Is Japan's scientific whaling program scientifically legitimate?
Animal Planet presents this feature as a conversation with legal scholars. We draw no conclusions, other than that reasonable legal minds differ on these issues.
DR. CHARLOTTE EPSTEIN: "It's important to recognize that the contribution that the Japanese research on whaling has added to the understanding of whales and to the general knowledge about whales is absolutely uncontested by all scientists. Everyone recognizes the Japanese research has actually done a tremendous, tremendous amount to understand the whales. And over the years, over the decades as well."
DR. TIMOTHY STEPHENS: "Is Japan's claim to scientific whaling widely accepted? Well, no. I think the answer has to be no, that most countries realize that this is commercial whaling in disguise — very cleverly disguised in many respects.
"But at the end of the day, you've got to look at the text of the relevant whaling convention. And the whaling convention says in Article VIII, that whaling has to be for scientific purposes.
"Now in the case of Japan, you've got a massive whaling program, capturing up to a thousand whales a year. And not only one species, the minke whale. They're now moving into other species: the fin whales, humpback whales...

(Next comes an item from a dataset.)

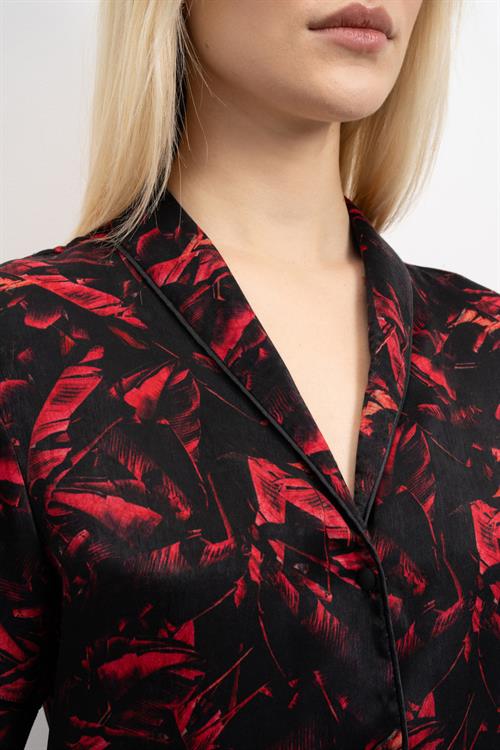 Nissa Patterned Satin Short Pajama Set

"When you look at the scale of the program, it's very hard to make the argument that it remains scientific, particularly when you can conduct the science nowadays without killing whales. [...] So the Japanese are currently catching about 1,000 whales in the Southern Ocean per annum."
DR. BILL HOGARTH: "A lot of countries — including the U.S., for example — do not believe you need to take this many whales for scientific purposes. In this day and time, with the technologies we have, you can do most of the science that you need without having to kill whales, and particularly the large number of whales that are being killed."